Up until recently, Baby Boomers were the largest living generation. However, according to the latest census data from 2015, Baby Boomers are now outnumbered by the millennial generation. Even though their population is smaller, they are still the richest generation. In 2015, it was estimated that Baby Boomers controlled 70% of all the disposable income in the United States.
As the Baby Boomer generation gets older (last year the first Baby Boomers turned 70.5), it's inevitable that their unspent assets will get passed on; it's estimated that over the next 20 years, there will be a transfer of wealth that surpasses $30 trillion. Some estimates put that number as high as $59 trillion. What is projected to be the largest transfer of wealth in history has been named the Great Wealth Transfer.
Plan For a Correct Transfer
It takes some planning to make sure that your assets end up where you want them to, and with as little friction and expense as possible. It’s important for both generations, those who are looking to pass down assets, and their beneficiaries, to review their options. Although the circumstances that necessitate the transferring of assets are not pleasant to think about, this transfer of wealth is inevitable.

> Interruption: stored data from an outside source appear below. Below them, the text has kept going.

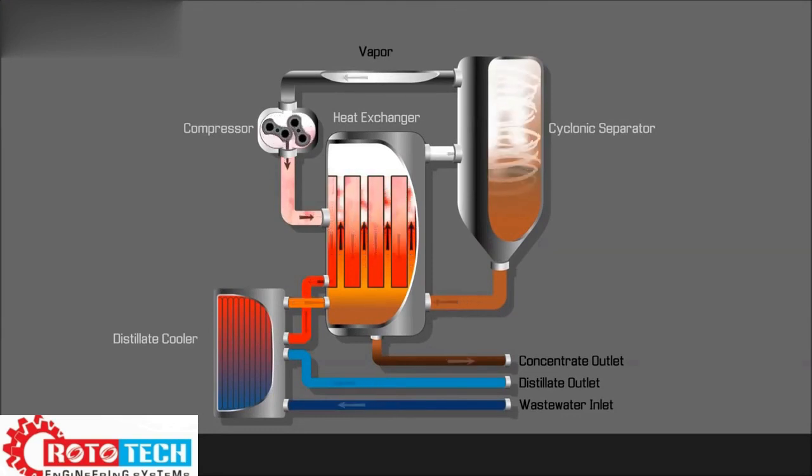Unlike traditional MVR systems, the EcoSmart does not use heaters or steam during the heat-up cycle, but rather the heat...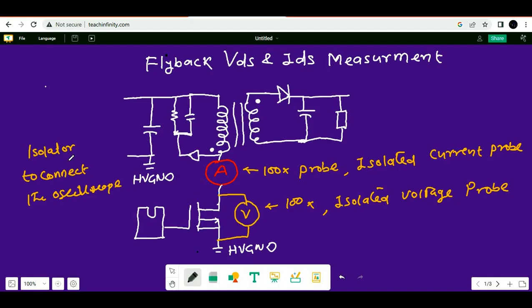If you have a trace connected between your transformer pin and the drain of your MOSFET, you can cut this trace and use a wire loop to connect between those points. Connect a 100x isolated current probe there. To measure voltage, you can directly connect between the drain-to-source pins.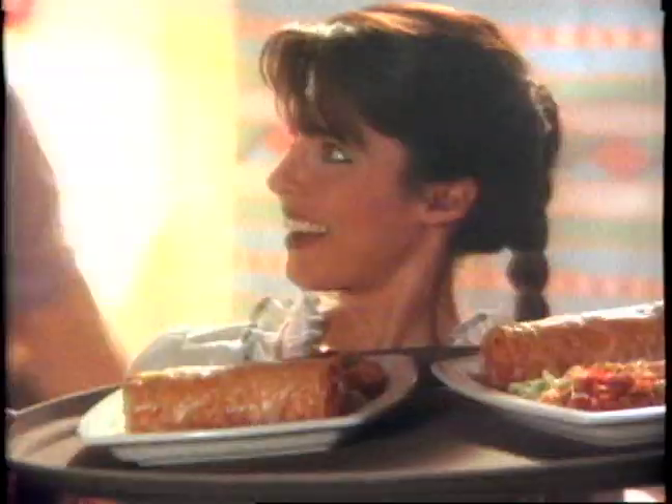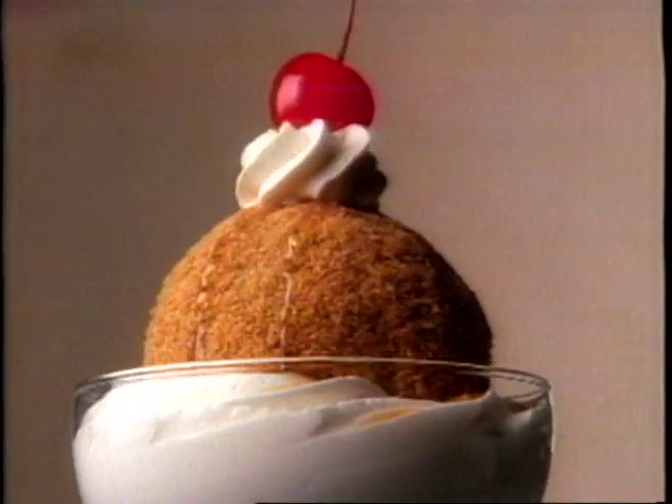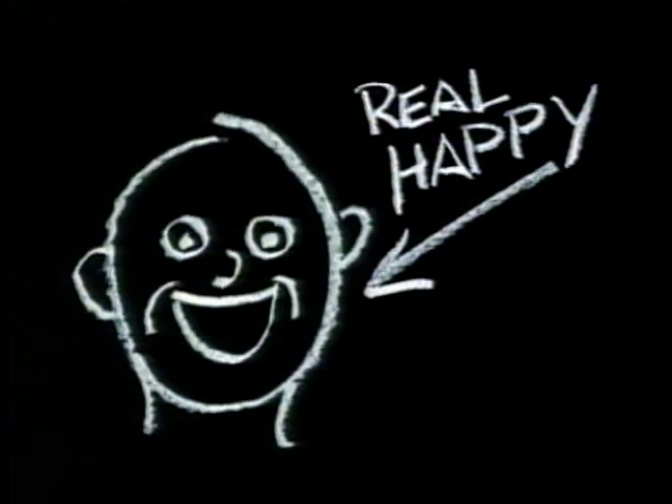How do you make an El Grande burro special? If we made it any bigger, the waitress couldn't carry it. If we stuffed it with any more beef or chicken, it would explode. So we added our Mexican pizza appetizer and fried ice cream. And there you have an El Grande burro special with one small touch.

Transferring assets after death can be complicated. Different types of assets have different rules. Distributions from retirement accounts can be confusing and may be subject to taxes, depending upon how the funds are distributed. Other investments might have to go through probate, which is part of the public record and can be expensive.
Set Aside Assets for Retirement and Healthcare Costs First
When starting to put together a plan to transfer your assets, the first priority is to make sure that you have enough money to comfortably live out your retirement years. You should also consider the costs of future health care needs, including the possibility of needing to pay for long-term care. After accounting for retirement and healthcare costs, you can develop a plan for whatever assets are left. Consider these questions:
- Do you plan to be charitable with your estate?
- What about your family?
- Are there kids, grandkids, or other family members who you would like to leave something to?
- Are there any family members with special needs?
- Will there be conflicts between beneficiaries?
Get Your Beneficiaries Involved Early
Once you have a general idea of your plan, I recommend a family meeting. In this meeting, you should make sure that everyone who is involved is on the same page. You may even consider having qualified advisors or professionals attend the meeting so that any technical questions can be addressed. Starting the conversation early will help your inheritors. They can start becoming familiar with your important financial details, like your wills, trusts, insurance policies, investment and bank accounts, and any other assets.
Create Estate Plans With a Professional
Next, consider making an appointment with an estate planning attorney. If you have assets, it’s worth the expense. A good attorney can help you make sure that your estate documents are set up so they properly carry out your wishes. Estate plans should cover the basics: You should have a current will, healthcare directives (also known as a living will), and powers of attorney that allow for someone you trust to make financial and health care decisions for you when you cannot.
A Trust Creates Structure For Your Assets
Depending upon your situation, the attorney may recommend a trust, which is a useful tool to pass on wealth to the next generation. Structured properly, it can specify when your beneficiaries receive their money (at a specific age), and how that money can be used (for education or health care expenses). Your estate plan should also include a step to make sure that your beneficiary arrangements are current. Lots of people forget to change the beneficiary on their various accounts when they change jobs, get married, have children, or get divorced.
Beneficiaries of Wealth Transfer Should Have a Plan
If you are a beneficiary of the Great Wealth Transfer, you should have a plan in place as well. Whether you expect to receive a little bit of money or a lot of money, a plan will help you make the most of it. One of the first things to consider is the tax impact of the money you will receive. Retirement accounts and annuities have tax consequences that differ from other assets. Make sure you understand the tax burden before you request any distributions. In this situation, it may be beneficial to seek the help of a tax professional so they can help you navigate the process with as little taxes owed as possible.
Use Inheritance to Pay Down Student Debt
Not everyone is prepared to receive a large sum of money, and without a plan, it's easy for beneficiaries to quickly spend their newfound wealth. If you put some guidelines in place, you can make sure you don’t mishandle your share. A recent survey found that 63 percent of millennials have more than $10,000 in student debt, with a large majority of them saying that the debt has significant impact on their ability to meet financial goals. If you are one of them, one of the best things you could do with your inheritance is pay down school loans, and any other debt. If you have student loans, it's more likely that you haven’t accumulated much in your retirement accounts, so it would also be wise to use some of what you inherit to make your retirement more secure.
There’s nothing wrong with doing some fun things with money that you receive. In fact, your benefactor would probably want you to. Take a vacation, fix up the house, maybe upgrade your car. But handling an inheritance responsibly is the best way to honor the loved one who passed it along to you.